I have spoken about the grain markets at the London show for the last 6 or 7 years.  So maybe this year when I was not scheduled to speak there, I had much more time to look around.  I spent much of the day talking to chemical reps on how to fight Roundup Ready Giant Ragweed.  The rest of the time was spent learning more about automatic steering systems and visiting with friends.

I really like Lexion combines.  I get to review them in Country Guide magazine, and the London show did not disappoint with the new Lexion 750 on display.  As I stared at the big combine, a few of the guys gathered around and we started debating how much it costs.  The answer to that question is somewhere between $500,000 and $750,000.  Then the discussion went into land prices and how many of these combines we might need.  Oh, how times are changed even from 5 years ago when we were marching across Ontario at farm rallies asking for an agricultural safety net.  Adjusting to this new reality is still job one for me.

Much has been written about how the price of corn has changed the reality in farm country across the great North American Corn Belt.  For instance this is simplifying it a bit, but you could argue that corn and ethanol combined with increased demand from foreign countries has helped this process.  Of course, what happens now?  Will we be able to buy those Lexion combines next year?

The answer is yes, at least until 2014 because our friend Ben Bernake has promised us to keep interest rates low until then.  So if you have a little bit of equity, you’re off to the races.  The harder part might be where grain prices might go.  Our friends at the USDA will have much to say about that Friday when they release stocks and on March 30 when they give us our prospective plantings for 2012.

You can almost see a limit move coming on March 30th.  Since 2005 when the position limits were expanded at the Chicago Mercantile exchange, limit moves on report days have been more common.  The frenetic volatile reaction from the noncommercial trade to even little moves in the fundamentals often causes corn prices to react violently.  6 out of the last 6 years the January USDA report has had a limit move.  Surely, next January will be the same.  Why not March too?

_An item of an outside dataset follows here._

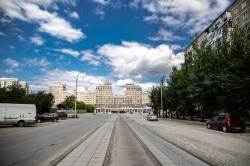 К ремонту улицы Викулова приступил новый подрядчик К ремонту улицы Викулова приступил новый подрядчик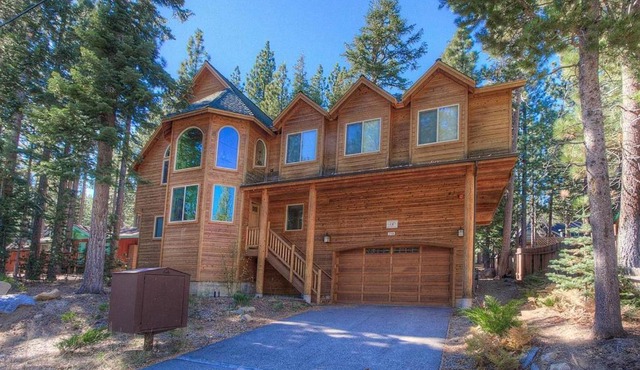 Hawks View Hideaway by Lake Tahoe Accommodations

Of course the world is a little bit different since the January report was released.  Early reports from twitter followers in South America said there was a drought problem in both Argentina and Brazil.  The South American prognosticators as well as USDA have been slow to report this.  For instance this morning CONAB came out with 68.75 MMT for Brazilian soybeans and 61.69 MMT for corn.  This has been a long way down since USDA projected 75MMT late last year.  The bottom line is South American production is down and the Friday USDA report should show some updated numbers on production and world stocks.

I have a hard time buying into the 94 to 98 million acre 2012 corn number.  Soybeans have fought hard over the last 6 weeks to get back some of that acreage.  Let’s just say this, especially in 2012; it’s a long road until the combines stop this fall.  There is a tremendous amount of risk that is being assumed in the projection numbers.  We are not Greece.  Let’s not count our chickens before they hatch, especially in the 2012 crop year where global demand just keeps rising.

There surely is a reckoning coming.  The difference between old crop and new crop fundamentals in all the grains needs to be rectified.  Time always brings this together.  There will be lots of gnashing of teeth on the way.  Keep in mind; nobody knows what price will do.  Bullish futures spreads don’t lie but even they don’t take away the daily violent volatility.  If you’re going to buy that Lexion, I have no problem.  However, the road ahead, especially in the next few weeks, may surely challenge your trigger finger.